#### SOURCE INFORMATION:
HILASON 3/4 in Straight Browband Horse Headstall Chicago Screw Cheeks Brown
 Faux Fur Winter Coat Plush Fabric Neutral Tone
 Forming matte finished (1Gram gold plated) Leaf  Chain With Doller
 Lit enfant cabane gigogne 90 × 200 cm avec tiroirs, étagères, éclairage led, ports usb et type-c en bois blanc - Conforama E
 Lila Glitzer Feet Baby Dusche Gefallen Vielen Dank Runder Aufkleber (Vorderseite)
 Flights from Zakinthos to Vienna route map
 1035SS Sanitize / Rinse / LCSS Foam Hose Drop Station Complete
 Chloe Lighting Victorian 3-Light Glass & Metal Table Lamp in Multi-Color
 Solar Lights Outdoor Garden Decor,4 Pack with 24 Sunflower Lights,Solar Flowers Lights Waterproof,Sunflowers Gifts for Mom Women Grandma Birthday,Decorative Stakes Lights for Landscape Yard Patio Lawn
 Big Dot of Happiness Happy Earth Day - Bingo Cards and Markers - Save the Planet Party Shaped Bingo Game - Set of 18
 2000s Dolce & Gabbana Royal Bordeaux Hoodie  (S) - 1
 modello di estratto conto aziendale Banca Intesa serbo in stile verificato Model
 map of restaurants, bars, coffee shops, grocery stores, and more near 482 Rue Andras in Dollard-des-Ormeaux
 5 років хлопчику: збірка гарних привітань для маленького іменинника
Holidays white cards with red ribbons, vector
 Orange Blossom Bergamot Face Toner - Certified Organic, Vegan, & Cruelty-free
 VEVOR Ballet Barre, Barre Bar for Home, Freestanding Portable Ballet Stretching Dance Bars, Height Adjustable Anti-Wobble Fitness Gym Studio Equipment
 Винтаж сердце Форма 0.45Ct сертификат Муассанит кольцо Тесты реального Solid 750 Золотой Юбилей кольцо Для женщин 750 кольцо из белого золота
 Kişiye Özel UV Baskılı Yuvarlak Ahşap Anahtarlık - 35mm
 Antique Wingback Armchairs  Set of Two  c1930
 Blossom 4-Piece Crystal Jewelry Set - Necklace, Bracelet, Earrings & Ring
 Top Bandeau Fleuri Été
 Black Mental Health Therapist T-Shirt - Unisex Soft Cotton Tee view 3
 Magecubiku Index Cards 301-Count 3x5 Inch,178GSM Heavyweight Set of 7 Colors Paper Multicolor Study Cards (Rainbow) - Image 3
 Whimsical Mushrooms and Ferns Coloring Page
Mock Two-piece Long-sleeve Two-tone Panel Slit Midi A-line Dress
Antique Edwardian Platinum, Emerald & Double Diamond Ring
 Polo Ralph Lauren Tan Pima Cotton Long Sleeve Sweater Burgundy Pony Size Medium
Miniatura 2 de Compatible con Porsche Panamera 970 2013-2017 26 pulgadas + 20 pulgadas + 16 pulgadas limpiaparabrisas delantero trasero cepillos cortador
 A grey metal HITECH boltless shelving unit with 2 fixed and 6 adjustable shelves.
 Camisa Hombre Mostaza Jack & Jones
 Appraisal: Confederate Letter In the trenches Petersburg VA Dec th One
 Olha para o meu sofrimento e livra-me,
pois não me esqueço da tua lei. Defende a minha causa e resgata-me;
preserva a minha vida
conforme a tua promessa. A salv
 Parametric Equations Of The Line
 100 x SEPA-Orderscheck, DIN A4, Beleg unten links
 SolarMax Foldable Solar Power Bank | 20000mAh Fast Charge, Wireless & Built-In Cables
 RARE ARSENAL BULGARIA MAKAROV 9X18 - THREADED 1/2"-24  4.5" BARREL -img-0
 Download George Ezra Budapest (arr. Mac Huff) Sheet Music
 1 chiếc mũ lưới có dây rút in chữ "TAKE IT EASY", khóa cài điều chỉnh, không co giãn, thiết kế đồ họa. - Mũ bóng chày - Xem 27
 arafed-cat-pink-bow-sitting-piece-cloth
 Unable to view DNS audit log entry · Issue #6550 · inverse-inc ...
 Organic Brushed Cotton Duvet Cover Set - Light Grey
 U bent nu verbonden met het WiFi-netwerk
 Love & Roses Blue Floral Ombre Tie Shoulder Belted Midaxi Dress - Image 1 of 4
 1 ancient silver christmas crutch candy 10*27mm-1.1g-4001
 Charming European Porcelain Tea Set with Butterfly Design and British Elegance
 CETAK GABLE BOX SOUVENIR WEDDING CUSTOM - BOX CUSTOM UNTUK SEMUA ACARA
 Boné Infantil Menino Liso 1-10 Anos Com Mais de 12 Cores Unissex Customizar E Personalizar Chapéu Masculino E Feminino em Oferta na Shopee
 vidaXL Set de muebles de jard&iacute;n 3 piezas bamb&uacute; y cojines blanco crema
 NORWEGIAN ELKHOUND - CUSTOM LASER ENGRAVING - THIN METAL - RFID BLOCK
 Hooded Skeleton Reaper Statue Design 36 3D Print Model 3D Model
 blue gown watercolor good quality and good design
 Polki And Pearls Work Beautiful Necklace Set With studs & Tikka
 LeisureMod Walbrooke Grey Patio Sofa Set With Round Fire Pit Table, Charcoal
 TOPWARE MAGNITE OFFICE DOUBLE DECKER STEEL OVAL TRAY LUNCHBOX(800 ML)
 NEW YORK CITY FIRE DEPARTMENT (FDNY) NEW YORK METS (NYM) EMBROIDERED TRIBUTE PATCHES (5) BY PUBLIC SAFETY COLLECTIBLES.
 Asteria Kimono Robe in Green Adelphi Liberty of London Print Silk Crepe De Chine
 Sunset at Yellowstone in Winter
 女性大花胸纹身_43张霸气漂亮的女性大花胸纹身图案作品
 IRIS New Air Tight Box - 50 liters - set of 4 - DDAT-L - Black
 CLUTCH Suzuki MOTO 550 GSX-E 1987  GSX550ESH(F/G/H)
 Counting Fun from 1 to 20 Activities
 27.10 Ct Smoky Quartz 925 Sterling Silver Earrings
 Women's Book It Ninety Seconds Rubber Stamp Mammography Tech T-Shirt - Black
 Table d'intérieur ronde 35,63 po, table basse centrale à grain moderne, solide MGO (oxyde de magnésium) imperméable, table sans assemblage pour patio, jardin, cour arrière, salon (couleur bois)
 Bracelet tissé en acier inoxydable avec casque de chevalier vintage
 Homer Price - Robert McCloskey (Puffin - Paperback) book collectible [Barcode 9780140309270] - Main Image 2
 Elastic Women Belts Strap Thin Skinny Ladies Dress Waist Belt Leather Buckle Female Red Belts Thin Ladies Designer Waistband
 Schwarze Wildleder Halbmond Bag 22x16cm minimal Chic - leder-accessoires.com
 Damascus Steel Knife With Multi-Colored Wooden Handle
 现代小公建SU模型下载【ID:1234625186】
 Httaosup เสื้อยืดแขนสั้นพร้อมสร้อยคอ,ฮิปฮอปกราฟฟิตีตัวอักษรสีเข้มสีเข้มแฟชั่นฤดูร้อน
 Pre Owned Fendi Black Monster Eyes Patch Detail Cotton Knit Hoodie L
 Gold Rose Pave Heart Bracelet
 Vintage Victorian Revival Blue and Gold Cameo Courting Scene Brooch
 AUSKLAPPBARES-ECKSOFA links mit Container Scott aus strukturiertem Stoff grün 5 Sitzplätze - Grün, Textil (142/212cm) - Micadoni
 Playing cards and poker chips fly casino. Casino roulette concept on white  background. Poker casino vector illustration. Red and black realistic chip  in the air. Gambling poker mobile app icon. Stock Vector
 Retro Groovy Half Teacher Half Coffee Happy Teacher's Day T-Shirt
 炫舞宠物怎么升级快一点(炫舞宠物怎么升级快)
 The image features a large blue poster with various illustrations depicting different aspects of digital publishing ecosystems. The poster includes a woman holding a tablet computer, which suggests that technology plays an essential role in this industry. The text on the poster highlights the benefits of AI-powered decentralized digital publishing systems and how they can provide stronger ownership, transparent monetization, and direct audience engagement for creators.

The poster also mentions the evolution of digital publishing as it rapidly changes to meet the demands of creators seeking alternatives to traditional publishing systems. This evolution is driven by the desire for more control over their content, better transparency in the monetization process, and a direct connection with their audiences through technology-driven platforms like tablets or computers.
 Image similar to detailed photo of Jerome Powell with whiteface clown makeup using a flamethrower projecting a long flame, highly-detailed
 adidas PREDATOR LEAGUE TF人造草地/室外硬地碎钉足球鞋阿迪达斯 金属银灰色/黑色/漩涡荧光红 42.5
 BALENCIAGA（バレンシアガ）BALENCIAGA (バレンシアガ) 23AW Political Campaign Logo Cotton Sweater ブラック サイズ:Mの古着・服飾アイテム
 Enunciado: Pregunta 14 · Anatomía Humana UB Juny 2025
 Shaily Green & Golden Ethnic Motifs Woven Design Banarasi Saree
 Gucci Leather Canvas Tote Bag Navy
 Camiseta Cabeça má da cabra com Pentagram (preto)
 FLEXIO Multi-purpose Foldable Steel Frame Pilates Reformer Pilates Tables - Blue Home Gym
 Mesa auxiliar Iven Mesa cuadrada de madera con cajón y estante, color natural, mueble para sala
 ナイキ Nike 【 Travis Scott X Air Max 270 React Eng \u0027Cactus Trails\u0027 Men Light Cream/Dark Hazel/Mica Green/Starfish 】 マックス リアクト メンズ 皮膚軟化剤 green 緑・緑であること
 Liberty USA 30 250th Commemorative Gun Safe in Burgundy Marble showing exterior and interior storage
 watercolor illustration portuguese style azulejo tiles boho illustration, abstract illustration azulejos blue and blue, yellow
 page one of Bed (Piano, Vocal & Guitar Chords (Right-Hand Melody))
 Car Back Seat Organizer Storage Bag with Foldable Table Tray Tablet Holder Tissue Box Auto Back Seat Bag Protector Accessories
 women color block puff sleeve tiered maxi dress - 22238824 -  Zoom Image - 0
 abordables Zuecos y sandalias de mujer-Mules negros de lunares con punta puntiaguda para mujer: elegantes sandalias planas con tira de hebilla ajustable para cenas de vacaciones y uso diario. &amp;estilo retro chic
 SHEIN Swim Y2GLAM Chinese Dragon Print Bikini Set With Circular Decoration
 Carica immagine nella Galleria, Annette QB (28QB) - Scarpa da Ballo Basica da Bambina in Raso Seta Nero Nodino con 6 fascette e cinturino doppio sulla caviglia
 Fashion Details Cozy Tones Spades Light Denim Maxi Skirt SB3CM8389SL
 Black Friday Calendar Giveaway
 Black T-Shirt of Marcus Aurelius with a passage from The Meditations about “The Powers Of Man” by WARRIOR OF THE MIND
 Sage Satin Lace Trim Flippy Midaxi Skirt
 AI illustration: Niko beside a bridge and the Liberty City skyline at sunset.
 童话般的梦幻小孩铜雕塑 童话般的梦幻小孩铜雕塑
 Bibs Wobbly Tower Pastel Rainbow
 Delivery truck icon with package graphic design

#### ASSIGNMENT:
Whenever a line in the material contains the word "links", copy that line.

#### ANSWER BOX:
 100 x SEPA-Orderscheck, DIN A4, Beleg unten links
 AUSKLAPPBARES-ECKSOFA links mit Container Scott aus strukturiertem Stoff grün 5 Sitzplätze - Grün, Textil (142/212cm) - Micadoni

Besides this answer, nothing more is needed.